Problem description: Copy exactly, no pictures: every line from the one that contains "A business lady" through the end of the entries below.

Dataset extract:
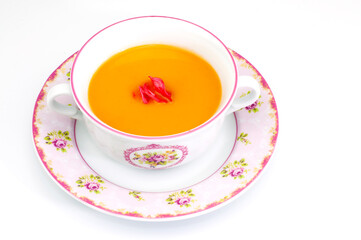 Delicious vegetable soup in bowl on white background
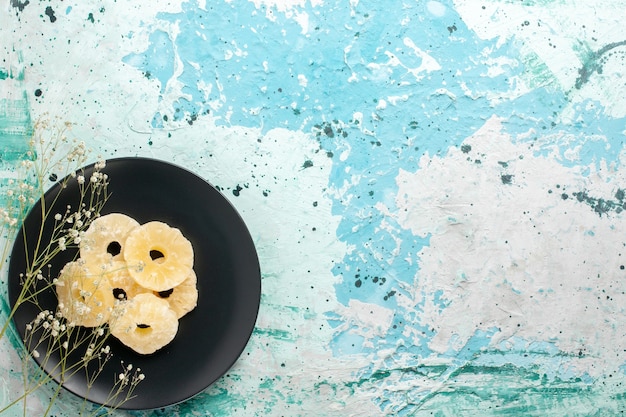 Draufsicht getrocknete Ananasringe in der Platte auf hellblauem Hintergrundfrüchten Ananas trockener süßer Zucker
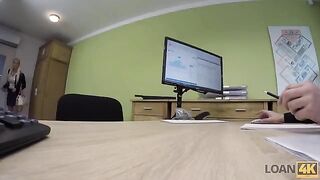 A business lady gets a loan from the bank for some extra money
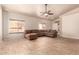 Spacious living room with large windows, tiled flooring, and a comfortable L-shaped sofa at 2922 N 107Th Dr, Avondale, AZ 85392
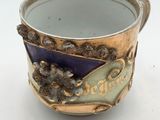 a purple and gold cup sitting on a white surface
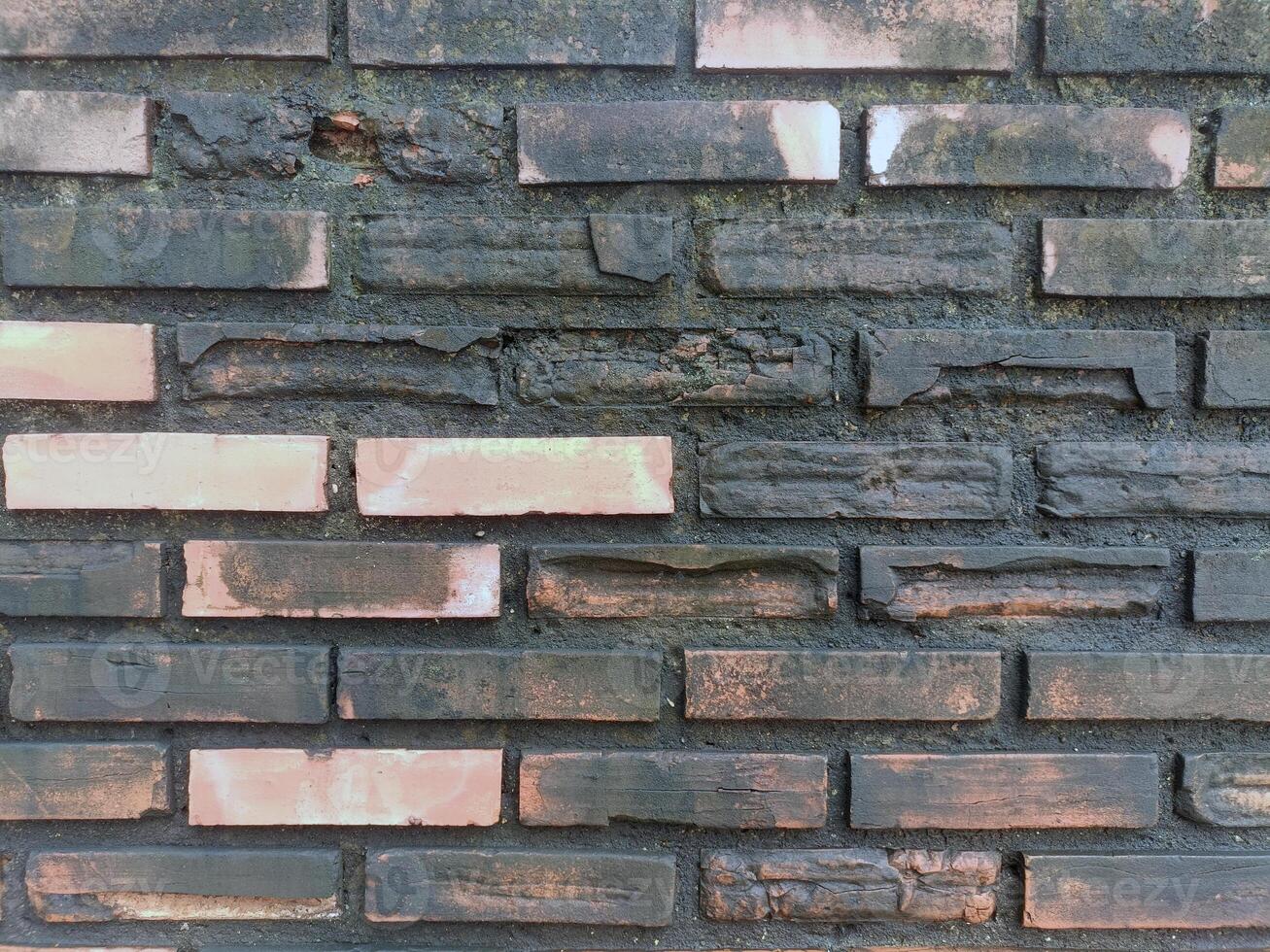 Textured gray wall appears aged and weathered with visible cracks, evoking sense of history and urban decay along street photo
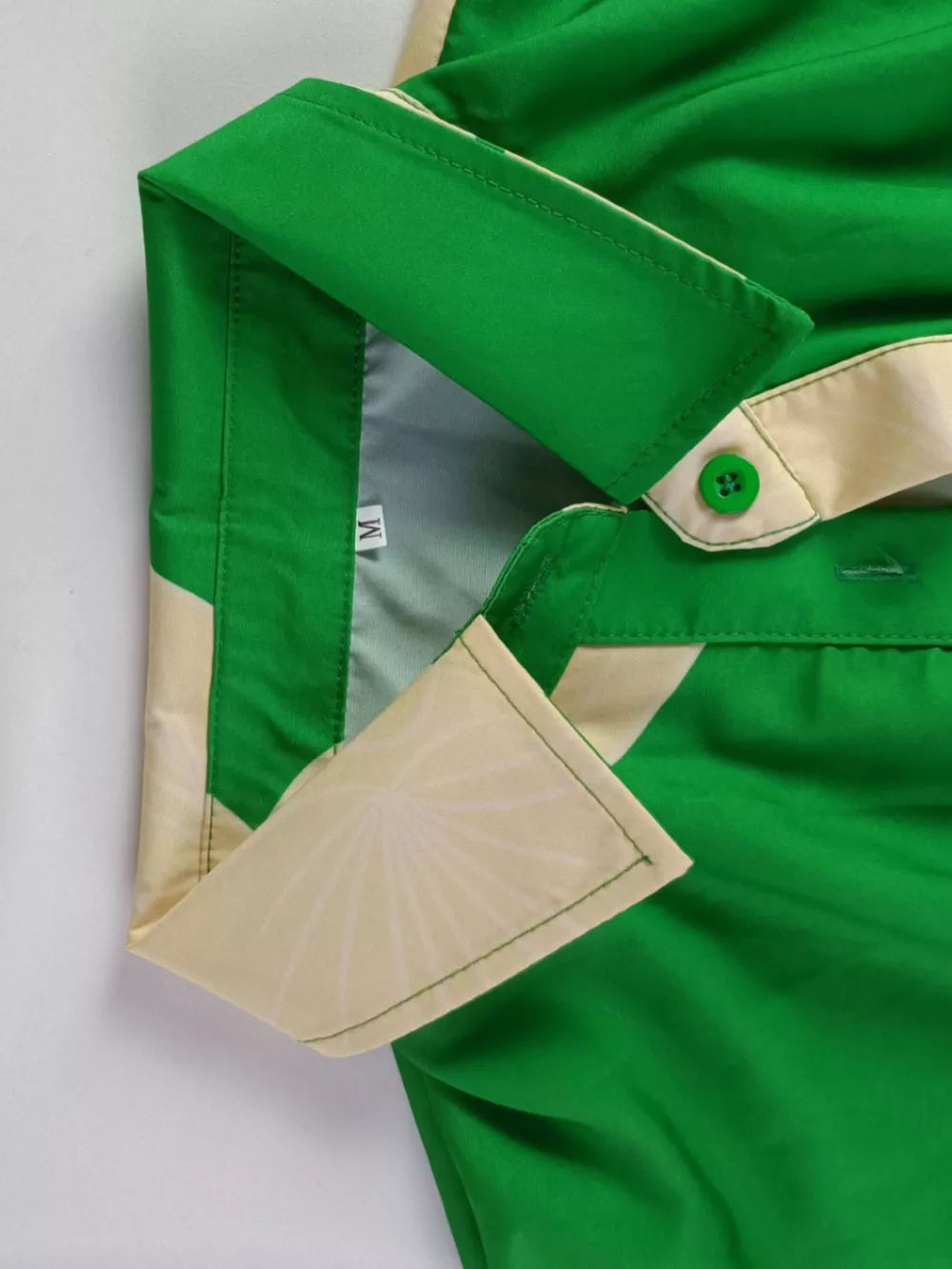 Green abstract print belted shirt dress with collared neckline and button details.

Task answer:
 A business lady gets a loan from the bank for some extra money
 Spacious living room with large windows, tiled flooring, and a comfortable L-shaped sofa at 2922 N 107Th Dr, Avondale, AZ 85392
 a purple and gold cup sitting on a white surface
 Textured gray wall appears aged and weathered with visible cracks, evoking sense of history and urban decay along street photo
 Green abstract print belted shirt dress with collared neckline and button details.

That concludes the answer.